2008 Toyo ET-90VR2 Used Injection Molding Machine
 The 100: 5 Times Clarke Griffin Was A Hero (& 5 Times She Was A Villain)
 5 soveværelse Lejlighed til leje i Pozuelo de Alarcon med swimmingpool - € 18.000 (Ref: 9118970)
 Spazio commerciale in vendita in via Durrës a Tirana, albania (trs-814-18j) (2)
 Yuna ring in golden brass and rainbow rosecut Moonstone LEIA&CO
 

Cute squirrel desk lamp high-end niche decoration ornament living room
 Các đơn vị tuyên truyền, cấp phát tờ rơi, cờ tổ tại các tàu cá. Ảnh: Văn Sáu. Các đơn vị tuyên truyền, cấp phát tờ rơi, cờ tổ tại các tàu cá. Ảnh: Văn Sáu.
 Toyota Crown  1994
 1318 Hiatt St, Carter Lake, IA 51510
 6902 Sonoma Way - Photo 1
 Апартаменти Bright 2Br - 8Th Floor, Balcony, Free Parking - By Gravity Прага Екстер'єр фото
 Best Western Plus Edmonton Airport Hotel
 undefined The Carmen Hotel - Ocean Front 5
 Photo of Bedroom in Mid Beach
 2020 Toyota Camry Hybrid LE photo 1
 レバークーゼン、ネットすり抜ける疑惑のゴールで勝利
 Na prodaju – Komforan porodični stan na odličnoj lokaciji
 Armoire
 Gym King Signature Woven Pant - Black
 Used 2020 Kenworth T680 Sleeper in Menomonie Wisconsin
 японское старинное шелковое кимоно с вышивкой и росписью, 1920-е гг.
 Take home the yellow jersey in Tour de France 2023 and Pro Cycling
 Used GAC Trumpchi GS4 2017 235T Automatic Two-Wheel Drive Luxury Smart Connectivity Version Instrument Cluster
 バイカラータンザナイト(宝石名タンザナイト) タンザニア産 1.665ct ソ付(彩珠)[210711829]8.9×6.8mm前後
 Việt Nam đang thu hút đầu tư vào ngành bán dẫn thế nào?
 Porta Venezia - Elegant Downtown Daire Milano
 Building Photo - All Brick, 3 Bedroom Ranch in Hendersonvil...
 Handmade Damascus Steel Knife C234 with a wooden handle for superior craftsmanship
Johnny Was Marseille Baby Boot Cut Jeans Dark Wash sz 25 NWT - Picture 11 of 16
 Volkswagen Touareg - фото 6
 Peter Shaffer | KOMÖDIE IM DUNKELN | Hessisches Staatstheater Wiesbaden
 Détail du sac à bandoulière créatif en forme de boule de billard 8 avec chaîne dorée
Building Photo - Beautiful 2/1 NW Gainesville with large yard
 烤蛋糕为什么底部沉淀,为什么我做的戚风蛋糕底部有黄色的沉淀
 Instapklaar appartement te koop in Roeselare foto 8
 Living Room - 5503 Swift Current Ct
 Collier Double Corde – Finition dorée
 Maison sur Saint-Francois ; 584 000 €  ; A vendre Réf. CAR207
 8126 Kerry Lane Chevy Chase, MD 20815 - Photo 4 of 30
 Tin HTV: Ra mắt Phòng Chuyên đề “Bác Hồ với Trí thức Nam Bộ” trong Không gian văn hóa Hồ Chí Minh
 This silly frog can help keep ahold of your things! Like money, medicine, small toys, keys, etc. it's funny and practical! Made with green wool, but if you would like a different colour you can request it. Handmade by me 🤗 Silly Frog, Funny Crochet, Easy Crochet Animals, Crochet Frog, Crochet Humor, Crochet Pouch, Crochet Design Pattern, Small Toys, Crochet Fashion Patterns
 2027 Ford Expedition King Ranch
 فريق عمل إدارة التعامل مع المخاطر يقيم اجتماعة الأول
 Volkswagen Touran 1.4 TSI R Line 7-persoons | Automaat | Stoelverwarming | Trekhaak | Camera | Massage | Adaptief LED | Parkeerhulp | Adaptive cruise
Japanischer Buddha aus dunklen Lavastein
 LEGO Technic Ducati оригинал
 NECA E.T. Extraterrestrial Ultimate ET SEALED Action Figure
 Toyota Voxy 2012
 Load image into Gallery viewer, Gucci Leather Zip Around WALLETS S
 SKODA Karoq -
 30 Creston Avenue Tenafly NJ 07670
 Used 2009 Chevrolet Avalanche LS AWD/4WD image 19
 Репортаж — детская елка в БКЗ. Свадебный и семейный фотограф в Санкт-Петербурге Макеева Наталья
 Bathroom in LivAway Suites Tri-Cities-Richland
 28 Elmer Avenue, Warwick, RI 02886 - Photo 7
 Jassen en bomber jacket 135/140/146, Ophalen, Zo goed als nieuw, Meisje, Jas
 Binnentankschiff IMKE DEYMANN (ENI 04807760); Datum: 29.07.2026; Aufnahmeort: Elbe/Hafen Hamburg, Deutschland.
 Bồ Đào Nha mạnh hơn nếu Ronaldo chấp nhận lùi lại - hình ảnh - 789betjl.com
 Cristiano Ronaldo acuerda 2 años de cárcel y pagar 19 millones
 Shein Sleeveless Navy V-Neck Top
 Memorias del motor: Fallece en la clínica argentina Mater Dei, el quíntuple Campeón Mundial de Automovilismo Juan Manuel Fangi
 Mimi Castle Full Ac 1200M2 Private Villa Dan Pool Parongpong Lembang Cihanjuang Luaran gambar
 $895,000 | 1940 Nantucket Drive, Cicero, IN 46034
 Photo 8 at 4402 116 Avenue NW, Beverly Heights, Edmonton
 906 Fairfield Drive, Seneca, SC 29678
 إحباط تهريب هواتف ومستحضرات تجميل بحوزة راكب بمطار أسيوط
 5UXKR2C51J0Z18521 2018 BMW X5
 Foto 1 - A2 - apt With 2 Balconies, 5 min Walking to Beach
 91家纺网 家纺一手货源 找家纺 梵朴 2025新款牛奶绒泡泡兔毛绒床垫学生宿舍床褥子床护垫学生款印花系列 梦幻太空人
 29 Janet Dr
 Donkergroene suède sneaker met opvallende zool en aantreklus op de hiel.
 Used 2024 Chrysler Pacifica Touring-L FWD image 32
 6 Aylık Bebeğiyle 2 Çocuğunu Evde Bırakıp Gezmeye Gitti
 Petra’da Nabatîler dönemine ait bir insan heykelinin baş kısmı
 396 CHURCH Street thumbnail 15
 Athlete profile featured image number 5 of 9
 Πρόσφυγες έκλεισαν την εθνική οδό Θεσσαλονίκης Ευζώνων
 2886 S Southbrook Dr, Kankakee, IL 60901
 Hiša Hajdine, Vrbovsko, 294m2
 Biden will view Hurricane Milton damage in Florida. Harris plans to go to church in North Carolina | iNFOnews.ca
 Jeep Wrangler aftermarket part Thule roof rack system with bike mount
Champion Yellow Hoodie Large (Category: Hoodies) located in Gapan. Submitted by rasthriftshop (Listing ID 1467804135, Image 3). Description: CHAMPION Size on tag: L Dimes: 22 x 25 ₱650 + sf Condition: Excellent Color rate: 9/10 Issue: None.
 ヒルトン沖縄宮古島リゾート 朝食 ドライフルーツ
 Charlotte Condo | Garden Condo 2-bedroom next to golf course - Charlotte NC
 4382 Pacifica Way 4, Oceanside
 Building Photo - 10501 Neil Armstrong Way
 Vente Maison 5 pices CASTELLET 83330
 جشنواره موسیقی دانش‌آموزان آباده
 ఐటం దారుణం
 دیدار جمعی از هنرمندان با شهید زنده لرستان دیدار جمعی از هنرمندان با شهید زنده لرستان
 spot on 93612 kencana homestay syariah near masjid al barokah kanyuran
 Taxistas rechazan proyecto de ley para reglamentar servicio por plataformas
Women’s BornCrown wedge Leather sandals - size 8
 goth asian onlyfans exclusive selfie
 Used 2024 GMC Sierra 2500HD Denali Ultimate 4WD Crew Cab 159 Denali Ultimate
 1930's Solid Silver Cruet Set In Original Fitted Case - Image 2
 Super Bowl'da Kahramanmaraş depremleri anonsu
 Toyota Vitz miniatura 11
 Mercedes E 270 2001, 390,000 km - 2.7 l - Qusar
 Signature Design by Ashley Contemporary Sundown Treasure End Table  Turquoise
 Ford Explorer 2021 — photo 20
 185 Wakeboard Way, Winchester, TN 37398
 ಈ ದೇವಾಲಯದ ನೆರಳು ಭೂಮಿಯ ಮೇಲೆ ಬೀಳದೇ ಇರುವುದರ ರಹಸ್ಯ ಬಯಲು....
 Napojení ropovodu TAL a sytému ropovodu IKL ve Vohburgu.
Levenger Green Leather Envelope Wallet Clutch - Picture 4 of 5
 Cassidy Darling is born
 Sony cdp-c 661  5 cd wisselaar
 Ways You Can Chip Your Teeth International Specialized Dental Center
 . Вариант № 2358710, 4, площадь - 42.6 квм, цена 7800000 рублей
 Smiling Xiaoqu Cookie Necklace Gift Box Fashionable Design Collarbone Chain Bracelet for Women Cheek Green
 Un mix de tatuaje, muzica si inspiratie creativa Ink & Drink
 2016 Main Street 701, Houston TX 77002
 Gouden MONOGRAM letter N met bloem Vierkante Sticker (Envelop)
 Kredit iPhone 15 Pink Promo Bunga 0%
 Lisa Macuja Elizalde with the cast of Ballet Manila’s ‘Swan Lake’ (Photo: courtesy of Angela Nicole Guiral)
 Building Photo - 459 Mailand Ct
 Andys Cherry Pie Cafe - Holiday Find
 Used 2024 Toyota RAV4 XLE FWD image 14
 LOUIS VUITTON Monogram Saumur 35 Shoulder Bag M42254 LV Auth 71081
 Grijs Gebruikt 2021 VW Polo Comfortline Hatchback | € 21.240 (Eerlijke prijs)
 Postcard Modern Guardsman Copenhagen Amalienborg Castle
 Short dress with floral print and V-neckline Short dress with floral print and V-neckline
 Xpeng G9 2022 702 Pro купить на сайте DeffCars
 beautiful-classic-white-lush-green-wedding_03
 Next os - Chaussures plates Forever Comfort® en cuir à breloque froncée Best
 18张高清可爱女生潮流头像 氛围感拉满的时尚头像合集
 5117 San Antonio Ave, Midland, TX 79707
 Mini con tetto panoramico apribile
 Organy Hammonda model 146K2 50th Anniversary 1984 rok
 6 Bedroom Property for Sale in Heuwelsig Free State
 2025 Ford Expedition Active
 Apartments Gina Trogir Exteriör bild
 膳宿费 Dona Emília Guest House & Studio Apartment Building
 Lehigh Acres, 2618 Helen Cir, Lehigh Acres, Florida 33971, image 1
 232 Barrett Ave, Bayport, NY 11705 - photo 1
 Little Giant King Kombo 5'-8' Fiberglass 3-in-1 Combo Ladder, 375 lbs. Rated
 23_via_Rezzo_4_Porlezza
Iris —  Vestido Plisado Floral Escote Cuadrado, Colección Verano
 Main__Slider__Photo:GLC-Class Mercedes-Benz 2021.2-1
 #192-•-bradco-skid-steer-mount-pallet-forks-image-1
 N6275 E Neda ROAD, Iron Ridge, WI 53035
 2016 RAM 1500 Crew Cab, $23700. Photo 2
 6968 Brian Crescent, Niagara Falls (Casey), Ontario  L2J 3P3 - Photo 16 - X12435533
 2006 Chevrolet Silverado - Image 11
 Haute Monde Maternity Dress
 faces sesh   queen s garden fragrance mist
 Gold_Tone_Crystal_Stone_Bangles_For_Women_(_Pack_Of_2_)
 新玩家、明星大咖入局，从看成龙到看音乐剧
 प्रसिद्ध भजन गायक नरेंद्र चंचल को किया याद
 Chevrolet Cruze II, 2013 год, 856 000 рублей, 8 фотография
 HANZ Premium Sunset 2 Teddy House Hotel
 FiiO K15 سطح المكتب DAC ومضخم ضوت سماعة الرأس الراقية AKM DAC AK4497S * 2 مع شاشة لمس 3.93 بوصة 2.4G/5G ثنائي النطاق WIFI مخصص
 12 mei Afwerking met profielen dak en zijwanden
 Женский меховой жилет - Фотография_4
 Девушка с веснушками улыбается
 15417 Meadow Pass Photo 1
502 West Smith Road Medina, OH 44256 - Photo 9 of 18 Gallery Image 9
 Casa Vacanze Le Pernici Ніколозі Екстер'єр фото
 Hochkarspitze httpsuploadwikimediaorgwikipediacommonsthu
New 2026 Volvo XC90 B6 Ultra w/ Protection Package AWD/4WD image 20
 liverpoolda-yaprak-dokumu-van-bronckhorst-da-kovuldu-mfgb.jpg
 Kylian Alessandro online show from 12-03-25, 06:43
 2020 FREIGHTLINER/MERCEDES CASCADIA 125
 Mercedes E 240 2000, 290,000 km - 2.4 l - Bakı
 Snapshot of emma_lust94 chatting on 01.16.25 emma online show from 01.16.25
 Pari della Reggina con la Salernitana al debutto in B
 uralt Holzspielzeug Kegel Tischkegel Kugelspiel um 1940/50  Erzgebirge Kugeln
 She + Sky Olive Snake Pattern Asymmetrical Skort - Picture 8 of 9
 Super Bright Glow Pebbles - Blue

Task
Word for word, restate the lines of the listing above starting at the line with "2006 Chevrolet Silverado - Image 11" and ending at the line with "liverpoolda-yaprak-dokumu-van-bronckhorst-da-kovuldu-mfgb.jpg", and nothing outside them.

Answer for the task
 2006 Chevrolet Silverado - Image 11
 Haute Monde Maternity Dress
 faces sesh   queen s garden fragrance mist
 Gold_Tone_Crystal_Stone_Bangles_For_Women_(_Pack_Of_2_)
 新玩家、明星大咖入局，从看成龙到看音乐剧
 प्रसिद्ध भजन गायक नरेंद्र चंचल को किया याद
 Chevrolet Cruze II, 2013 год, 856 000 рублей, 8 фотография
 HANZ Premium Sunset 2 Teddy House Hotel
 FiiO K15 سطح المكتب DAC ومضخم ضوت سماعة الرأس الراقية AKM DAC AK4497S * 2 مع شاشة لمس 3.93 بوصة 2.4G/5G ثنائي النطاق WIFI مخصص
 12 mei Afwerking met profielen dak en zijwanden
 Женский меховой жилет - Фотография_4
 Девушка с веснушками улыбается
 15417 Meadow Pass Photo 1
502 West Smith Road Medina, OH 44256 - Photo 9 of 18 Gallery Image 9
 Casa Vacanze Le Pernici Ніколозі Екстер'єр фото
 Hochkarspitze httpsuploadwikimediaorgwikipediacommonsthu
New 2026 Volvo XC90 B6 Ultra w/ Protection Package AWD/4WD image 20
 liverpoolda-yaprak-dokumu-van-bronckhorst-da-kovuldu-mfgb.jpg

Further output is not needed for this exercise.